= Beginning of Section =

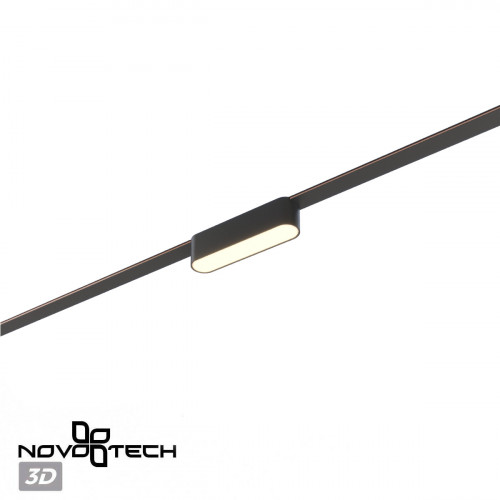 Товар для трековой системы 359461 Novotech Черный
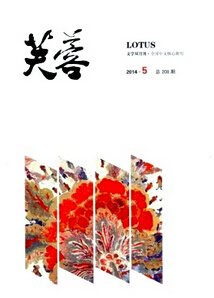 职称出书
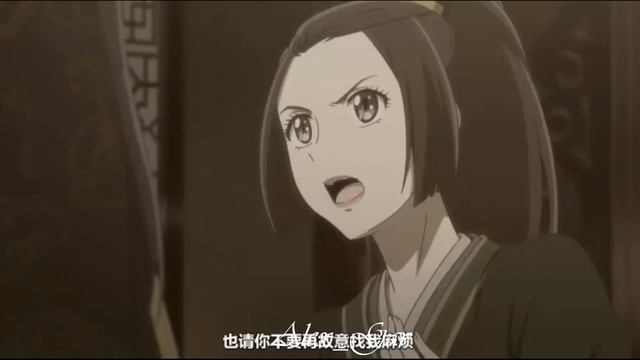 Имперская наложница ✧AMV✧ По частицам смотреть онлайн
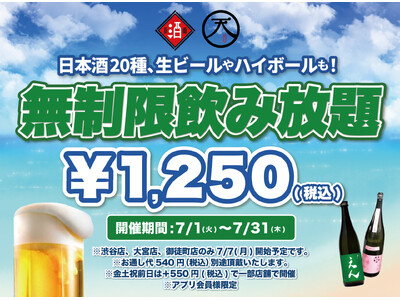 【最大11時間30種飲み放題￥1,250】日本酒原価酒蔵全店で時間無制限飲み放題￥1,250イベントを限...
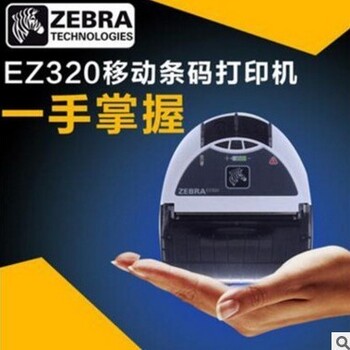 ZEBRA斑马无线蓝牙移动便携手持式条码打印机移动收据票据打印机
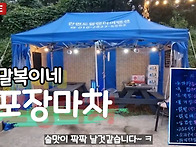 말복이네 포장마차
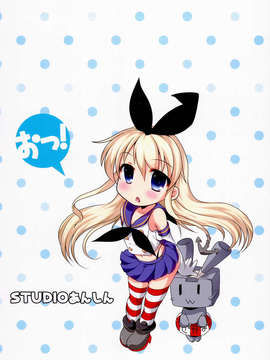 [脸肿汉化组](C85) [STUDIOあんしん (椎茸宮どんこ)] しまかぜZZZ (艦隊これくしょん-艦これ-)_0028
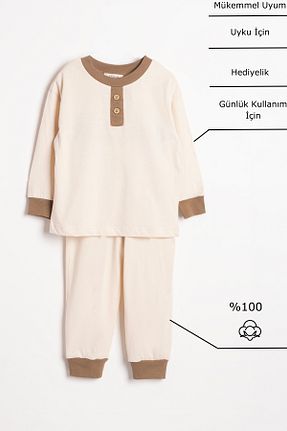 ست لباس راحتی بچه گانه ساده Vauva - کد 897319313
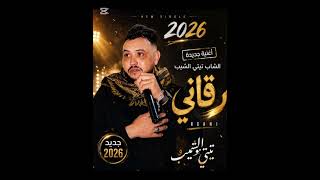 جديد الشاب تيتي  الشيب رڨاني عزف و توزيع المايسترو رامي صحبة بلال القصاب  تسجيل ستوديو الخال  - اسمعها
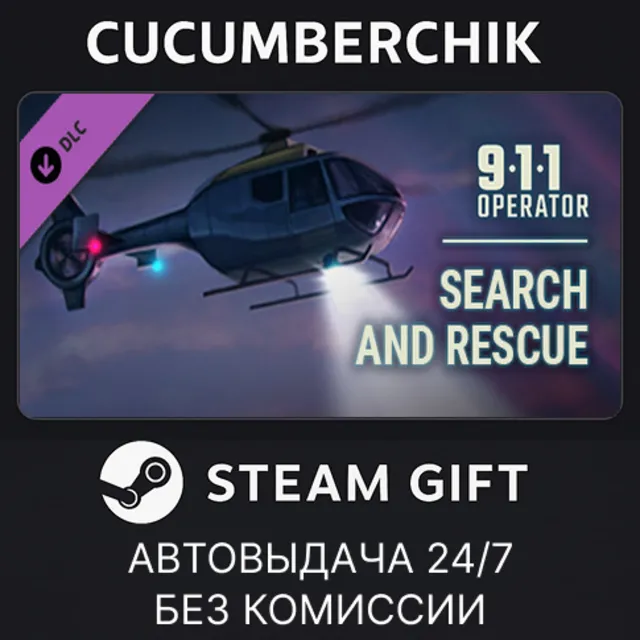 911 Operator - Search &amp; Rescue✅STEAM GIFT AUTO✅RU+МИР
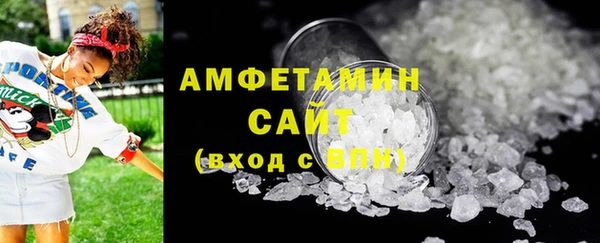 бошки Кукмор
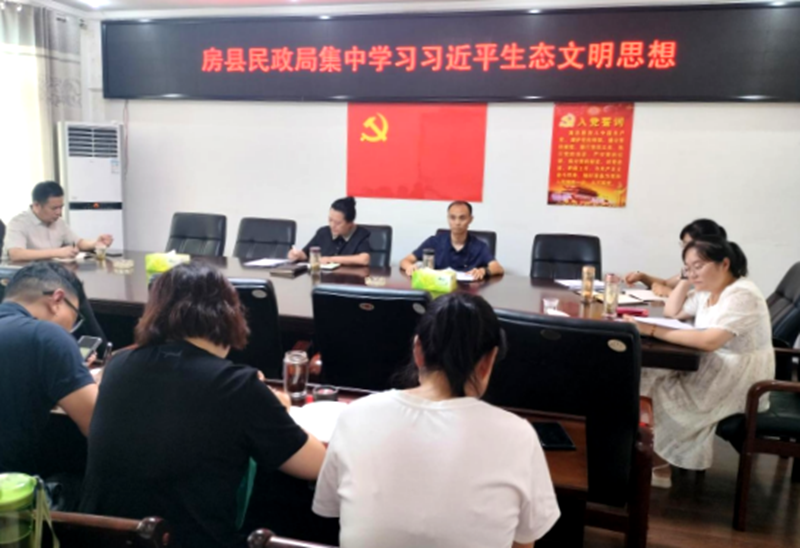 房县民政局集中学习习近平生态文明思想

= End of Section =

## What you will do
Please reproduce all the material exactly. Pictures stay out of the copy.

## Answer to the exercise
 Товар для трековой системы 359461 Novotech Черный
 职称出书
 Имперская наложница ✧AMV✧ По частицам смотреть онлайн
 【最大11時間30種飲み放題￥1,250】日本酒原価酒蔵全店で時間無制限飲み放題￥1,250イベントを限...
 ZEBRA斑马无线蓝牙移动便携手持式条码打印机移动收据票据打印机
 말복이네 포장마차
 [脸肿汉化组](C85) [STUDIOあんしん (椎茸宮どんこ)] しまかぜZZZ (艦隊これくしょん-艦これ-)_0028
 ست لباس راحتی بچه گانه ساده Vauva - کد 897319313
 جديد الشاب تيتي  الشيب رڨاني عزف و توزيع المايسترو رامي صحبة بلال القصاب  تسجيل ستوديو الخال  - اسمعها
 911 Operator - Search &amp; Rescue✅STEAM GIFT AUTO✅RU+МИР
 бошки Кукмор
 房县民政局集中学习习近平生态文明思想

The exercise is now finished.